Some research conducted by computer scientists combines computer science methods with some knowledge of linguistics, as for example outlined in [5, 6]. However, linguistics plays only a minor role in these studies, and the projects themselves almost never include linguist participants. Obviously, computer scientists are very useful for timely detection of fake news, but linguistics will help advance this work: As noted in a report by the Reuters Institute, an automated fact-checker in 2018 could only identify simple declarative statements such as “Donald Trump President of the United States”. Automated factchecking has not yet identified:
implied statements that may be false even if the direct statement is true;
statements embedded in complex sentences in which case the embedded statement may be false even if the complex sentence is true;
cross-references such as anaphora.
Humans readily recognize both implicit and embedded statements and can readily recognize anaphora. Obviously, language is much more than simple declarative sentences, and therefore the project requires qualified linguists on the team.

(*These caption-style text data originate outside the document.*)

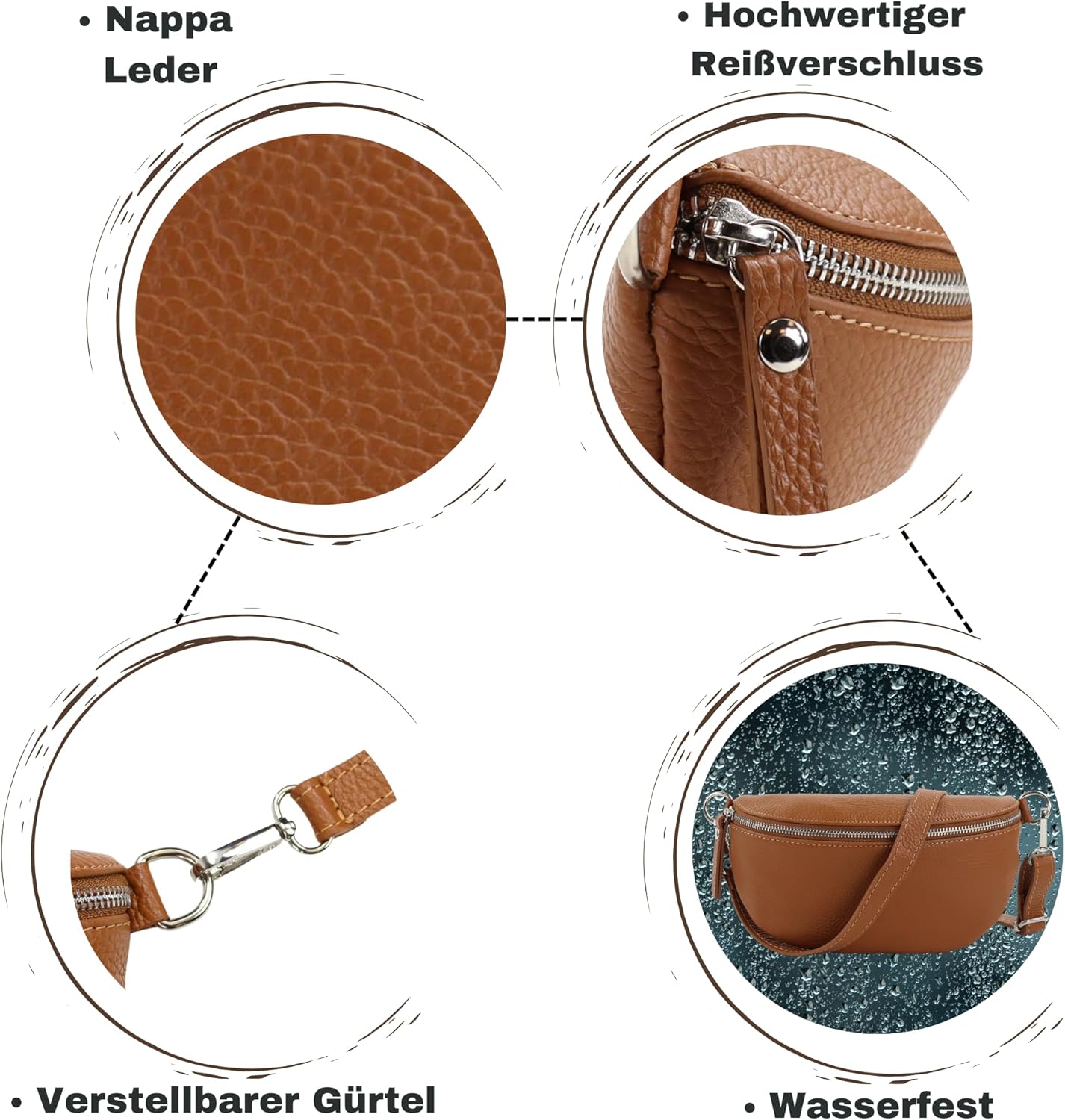 Premium Echtleder Damen Bauchtaschen Braun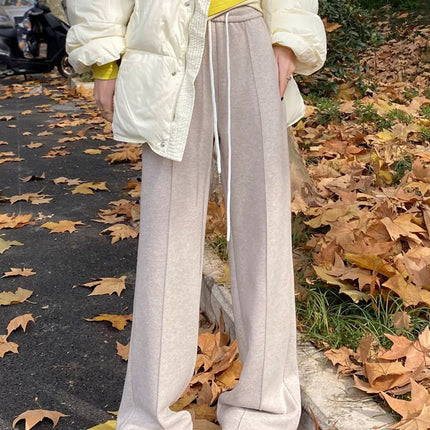 Herringbone Wide-Leg Pants for Women, Autumn and Winter 2025, High-Waisted Casual Gray Woolen Pants, Drapey Wool Narrow Straight-Leg Pants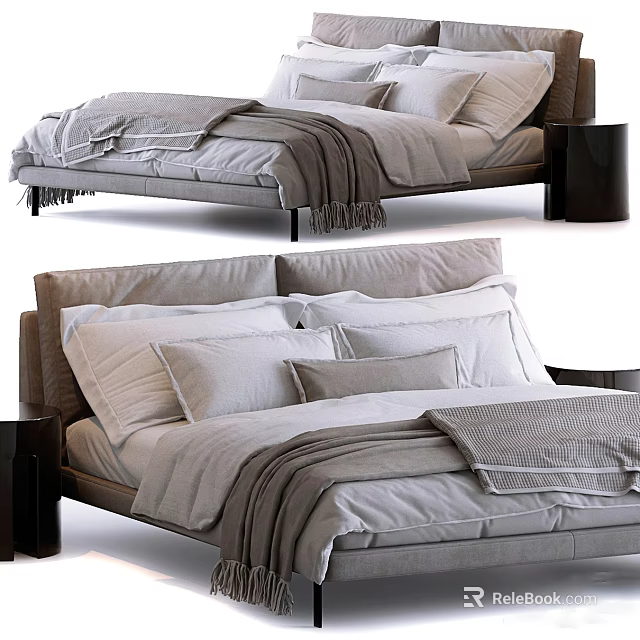 Modern Double Bed with Gray Bedding Pillows Blanket and Black Nightstand 3d model 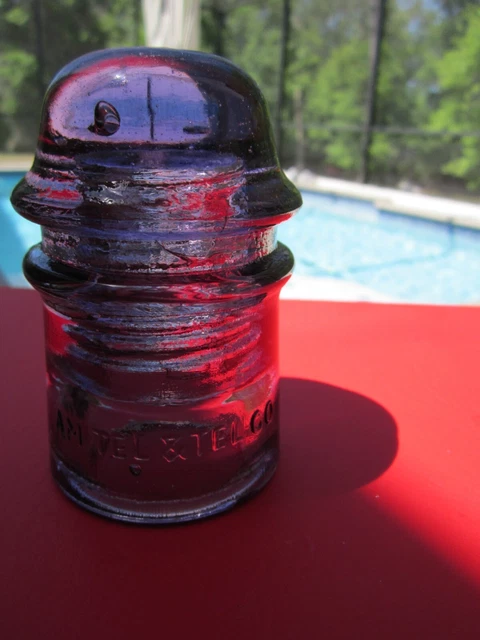 CD 121 Purple  AM TEL & TEL CO Antique Glass Telegraph Insulator TOLL 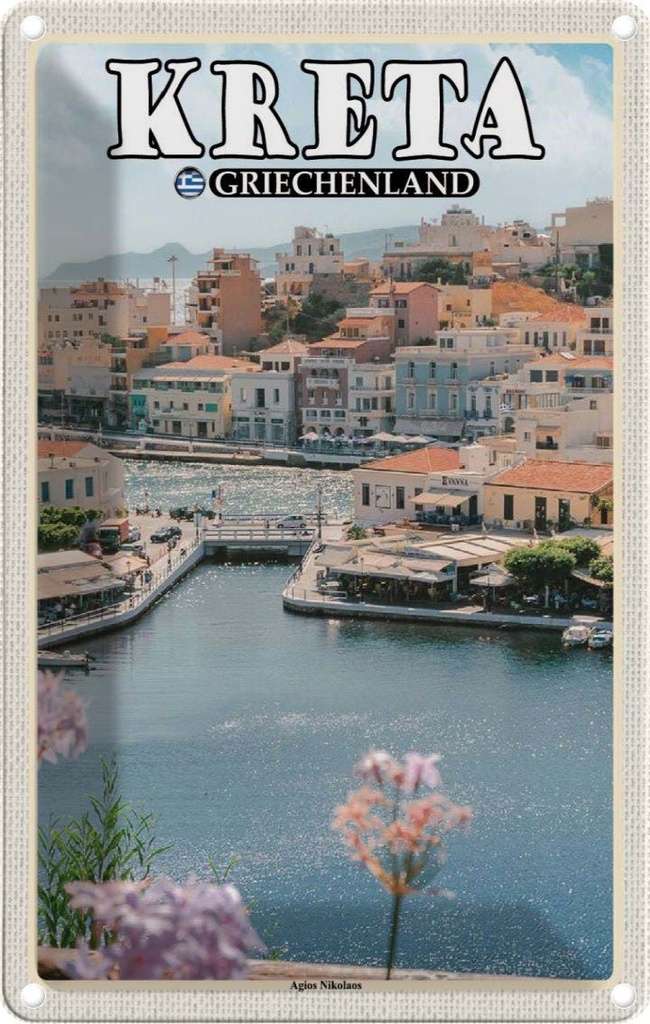 Blechschild 30x20 cm Kreta Griechenland Agios Nilolaos Bildmotiv Reisemotiv Abenteuer Reisen Urlaub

Studies of fake news, conducted within media and computer sciences in particular, tend to be content-based and focus on what is true and what is false. One of the problems with this dichotomy is that the news is often neither completely true nor completely false. The political fact-checking service "PolitiFact", for example, operates with the following degrees of credibility of statements [3]:
true; almost true (mostly true); half true; barely true;, false; “pants on, fire”.
Thus, fake news is not just a question of what is false and what is true, and not about the reliability of their sources: fake news sources sometimes report the story correctly, and serious and authoritative media sometimes report it incorrectly [7]. In the course of the project, it was established that fake news is determined rather by the author's intention to deceive. And the author's intentions are reflected in the language he uses. In particular, based on the analysis of large samples of natural language, corpus linguists have demonstrated that there are systematic variations in the structure of language depending on the communicative purpose of the author (op. cit.). When telling stories, more past tense verbs and third person pronouns are used. On the other hand, when explaining something, more nouns and prepositions are usually used. When communicating, more questions and exclamations are used. In other words, “the grammar of the text reflects its purpose”. Thus, the language of fake news, namely its structure, rather than its content, may be the key to its detection.
Based on this insight, “Grieve & Woodfield” in 2023 conducted a study of news by Jason Blair [7, 8], which produced very intriguing and promising results. Briefly, the researchers compared and analyzed datasets of fake and genuine articles written by the same author. In particular, in the early 2000s, Jason Blair, a former NYT reporter, was found to have fabricated news from time to time. The NYT began an investigation and, in particular, flagged fabricated texts, resulting in two sets of data: true news;_ fabricated stories.
“Grieve & Woodfield” submitted these two data sets for verification to “Register Analysis”, suggesting that given the different communicative purposes of the texts (deceive or inform) in these two sets, true and fabricated texts should be grammatically distinct [7]. They compared the relative frequencies of certain grammatical features in the two sets of texts, and their overall conclusion is that Blair writes in a more formal style in his true stories, while he is more “engaged” in the fictional stories.
The hallmarks of Blair's true stories match those of information-dense writing, while the hallmarks of his false stories resemble those of interactive discourse. Thus, based on Blair's authorship, signs of real news include longer average word length and nominalization (use of nouns in -tion, -ment, -ness, -ity), while signs of fake news include increased use of 1st and 3rd person pronouns, as well as a wider use of the present tense and emphatic words such as really and most (op. cit.: 32).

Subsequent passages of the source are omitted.